Hildersley et al. (2020) argue that the mainstream news media shape public attitudes towards mental illness and assume responsibility for the metrics that reflect public opinion. Lack of real-life experience drives people to rely on the media for information about mental health issues (2024, p. 968).  

En su aparición, el personaje se muestra restringido, agitado y violento, experimenta alucinaciones y pierde el control corporal hasta el punto de orinarse en la camilla, mientras el equipo médico intenta administrarle la medicación necesaria. El cuerpo masculino indigente no es criticado ni espectacularizado; es representado de forma cruda y háptica sus crisis.  

The Pitt, a su vez, hace cuestionamientos acerca del sesgo de los médicos y especialistas al momento de tratar a pacientes. En el capítulo 2, hora 8:00 a.m., una mujer negra ingresa en la sala de emergencias mientras grita de dolor y es amarrada de manera violenta por los paramédicos, ya que presumen que la mujer es una drogadicta que busca opioides. La Dra. Samira Mohan (Supriya Ganesh) es la única persona que busca tratar a la paciente y conocer su condición: células falciformes, que causan mucho dolor y, para poder sobrevivir, la paciente necesita medicamentos como la morfina para apaciguar los síntomas. No es hasta que otra mujer negra, como la Dra. Mohan, empatiza y se da cuenta del prejuicio que sufre la mujer y de que casi dejan morir a una paciente.  

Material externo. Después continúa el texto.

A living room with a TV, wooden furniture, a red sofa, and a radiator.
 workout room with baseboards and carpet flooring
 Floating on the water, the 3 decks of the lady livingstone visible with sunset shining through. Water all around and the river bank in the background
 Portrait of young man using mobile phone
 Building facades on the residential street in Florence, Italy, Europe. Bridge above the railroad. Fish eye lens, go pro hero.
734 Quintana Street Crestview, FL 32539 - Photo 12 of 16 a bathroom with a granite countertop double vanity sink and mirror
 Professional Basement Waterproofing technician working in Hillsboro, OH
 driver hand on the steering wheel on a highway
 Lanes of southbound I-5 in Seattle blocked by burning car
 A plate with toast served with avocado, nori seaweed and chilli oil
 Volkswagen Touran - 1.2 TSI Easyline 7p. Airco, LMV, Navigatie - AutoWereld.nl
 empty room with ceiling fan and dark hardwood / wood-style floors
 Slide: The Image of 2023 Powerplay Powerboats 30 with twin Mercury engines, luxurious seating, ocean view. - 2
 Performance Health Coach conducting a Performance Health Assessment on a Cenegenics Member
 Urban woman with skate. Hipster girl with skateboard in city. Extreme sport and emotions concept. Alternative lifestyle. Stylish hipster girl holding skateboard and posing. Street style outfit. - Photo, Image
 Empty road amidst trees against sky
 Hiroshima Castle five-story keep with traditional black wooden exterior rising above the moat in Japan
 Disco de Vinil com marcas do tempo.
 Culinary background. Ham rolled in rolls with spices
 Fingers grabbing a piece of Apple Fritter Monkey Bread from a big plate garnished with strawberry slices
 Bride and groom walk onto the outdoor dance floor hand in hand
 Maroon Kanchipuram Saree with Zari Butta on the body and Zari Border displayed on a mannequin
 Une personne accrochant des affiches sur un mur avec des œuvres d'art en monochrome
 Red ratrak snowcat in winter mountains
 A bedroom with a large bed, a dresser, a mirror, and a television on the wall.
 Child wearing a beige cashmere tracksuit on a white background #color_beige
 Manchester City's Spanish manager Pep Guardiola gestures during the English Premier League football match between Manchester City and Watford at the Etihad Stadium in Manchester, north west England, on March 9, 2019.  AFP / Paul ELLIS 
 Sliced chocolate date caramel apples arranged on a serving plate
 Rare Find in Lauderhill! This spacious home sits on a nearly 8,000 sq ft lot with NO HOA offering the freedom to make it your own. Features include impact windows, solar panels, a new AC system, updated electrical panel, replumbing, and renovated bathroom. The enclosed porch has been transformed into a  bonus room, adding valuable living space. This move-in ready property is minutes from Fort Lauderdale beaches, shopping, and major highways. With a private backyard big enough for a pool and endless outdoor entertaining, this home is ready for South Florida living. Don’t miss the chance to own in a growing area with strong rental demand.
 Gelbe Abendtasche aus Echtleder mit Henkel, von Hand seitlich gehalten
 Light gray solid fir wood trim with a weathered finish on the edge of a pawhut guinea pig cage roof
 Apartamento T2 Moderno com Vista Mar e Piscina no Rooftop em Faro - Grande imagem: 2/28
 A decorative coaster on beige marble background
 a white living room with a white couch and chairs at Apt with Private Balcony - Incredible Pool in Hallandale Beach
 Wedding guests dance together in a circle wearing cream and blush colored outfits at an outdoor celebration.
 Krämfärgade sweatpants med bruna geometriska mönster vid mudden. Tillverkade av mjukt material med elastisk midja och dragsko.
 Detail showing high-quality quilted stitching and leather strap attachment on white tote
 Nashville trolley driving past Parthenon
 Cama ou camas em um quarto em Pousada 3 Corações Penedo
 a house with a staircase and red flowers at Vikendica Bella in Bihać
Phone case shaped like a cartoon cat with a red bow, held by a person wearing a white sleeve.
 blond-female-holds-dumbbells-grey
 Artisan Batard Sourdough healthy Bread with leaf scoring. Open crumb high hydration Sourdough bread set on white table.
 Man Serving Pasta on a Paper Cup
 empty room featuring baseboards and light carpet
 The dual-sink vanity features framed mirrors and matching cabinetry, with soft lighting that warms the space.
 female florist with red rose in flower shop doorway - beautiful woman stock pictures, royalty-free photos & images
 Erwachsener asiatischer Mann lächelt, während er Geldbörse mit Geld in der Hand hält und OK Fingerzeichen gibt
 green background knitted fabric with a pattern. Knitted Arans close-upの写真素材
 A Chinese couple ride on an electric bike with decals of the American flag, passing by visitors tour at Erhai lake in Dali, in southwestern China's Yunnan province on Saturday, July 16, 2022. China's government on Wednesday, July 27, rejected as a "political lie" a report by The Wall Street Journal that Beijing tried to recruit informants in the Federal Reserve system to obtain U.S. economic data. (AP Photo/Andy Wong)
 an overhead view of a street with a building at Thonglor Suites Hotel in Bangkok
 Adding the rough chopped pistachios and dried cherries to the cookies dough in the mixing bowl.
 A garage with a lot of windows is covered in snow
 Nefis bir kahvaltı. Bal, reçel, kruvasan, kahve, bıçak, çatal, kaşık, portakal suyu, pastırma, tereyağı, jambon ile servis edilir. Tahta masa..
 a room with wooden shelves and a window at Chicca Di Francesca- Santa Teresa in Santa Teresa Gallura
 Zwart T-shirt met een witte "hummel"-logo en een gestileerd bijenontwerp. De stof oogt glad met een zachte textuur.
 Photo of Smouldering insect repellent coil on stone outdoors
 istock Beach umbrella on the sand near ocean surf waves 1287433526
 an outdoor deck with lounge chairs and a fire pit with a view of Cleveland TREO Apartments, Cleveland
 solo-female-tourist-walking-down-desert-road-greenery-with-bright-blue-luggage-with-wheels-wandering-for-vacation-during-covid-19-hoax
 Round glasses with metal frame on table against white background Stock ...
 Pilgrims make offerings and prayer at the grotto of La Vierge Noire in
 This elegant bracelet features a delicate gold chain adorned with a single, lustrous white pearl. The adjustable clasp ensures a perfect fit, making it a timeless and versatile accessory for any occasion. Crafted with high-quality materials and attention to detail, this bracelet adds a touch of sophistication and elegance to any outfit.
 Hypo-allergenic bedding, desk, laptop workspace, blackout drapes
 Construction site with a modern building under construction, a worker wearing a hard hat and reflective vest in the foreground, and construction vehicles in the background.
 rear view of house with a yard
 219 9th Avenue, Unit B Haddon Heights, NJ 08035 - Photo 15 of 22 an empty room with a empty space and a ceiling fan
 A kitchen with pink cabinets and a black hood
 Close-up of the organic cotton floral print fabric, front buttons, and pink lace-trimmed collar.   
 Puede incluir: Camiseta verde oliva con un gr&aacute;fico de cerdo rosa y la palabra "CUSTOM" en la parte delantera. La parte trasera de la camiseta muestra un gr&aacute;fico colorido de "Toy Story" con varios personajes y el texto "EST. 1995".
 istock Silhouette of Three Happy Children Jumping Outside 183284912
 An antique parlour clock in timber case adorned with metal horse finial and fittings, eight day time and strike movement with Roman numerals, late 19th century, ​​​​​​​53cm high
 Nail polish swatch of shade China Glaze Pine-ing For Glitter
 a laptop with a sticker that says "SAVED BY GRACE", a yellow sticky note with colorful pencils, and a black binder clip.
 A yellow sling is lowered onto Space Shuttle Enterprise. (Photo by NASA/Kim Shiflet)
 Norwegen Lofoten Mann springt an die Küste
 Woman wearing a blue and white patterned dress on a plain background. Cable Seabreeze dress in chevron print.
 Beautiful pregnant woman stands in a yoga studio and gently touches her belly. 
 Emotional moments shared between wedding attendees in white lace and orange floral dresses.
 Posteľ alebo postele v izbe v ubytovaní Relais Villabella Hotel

Y luego, en el episodio 9, a las 3:00 p.m., una mujer es admitida luego de causar un accidente por sepsis. Posteriormente se conoce que ella había acudido previamente a la sala de emergencias, pero fue dada de alta con un diagnóstico de infección urinaria, debido a que la doctora que la atendió vio simplemente a una mujer con sobrepeso con condiciones regulares en ese tipo de personas. Este tipo de sesgo es sumamente preocupante, ya que evidencia que las personas en el ámbito de la medicina son igualmente susceptibles al racismo y al prejuicio que permean la mayor parte de la sociedad occidental. Tal y como argumentan Barotis et al.: 

As one of the most popular television genres, medical dramas have rightfully attracted investigations into their power to reflect as well as popularise ideas around health and illness. Recent medical dramas famously tackle important bioethical and political subjects, such as racial bias in the diagnostic process, euthanasia, body donation, discriminatory blood donation criteria, and, more recently, the repeal of Roe v. Wade. Over the past few years, series such as The Good Doctor have reflected a paradigm shift from paternalistic medicine (the exemplary case of which is House, M.D., Fox, 2004-2012) to patient-centredmedicine. At the same time, recent research has demonstrated that consumption of medical-themed media such as medical dramas, as opposed to other genres of entertainment, can skew gender-based disease perception in ways that reflect gendered stereotypes. (2023, p. 289) 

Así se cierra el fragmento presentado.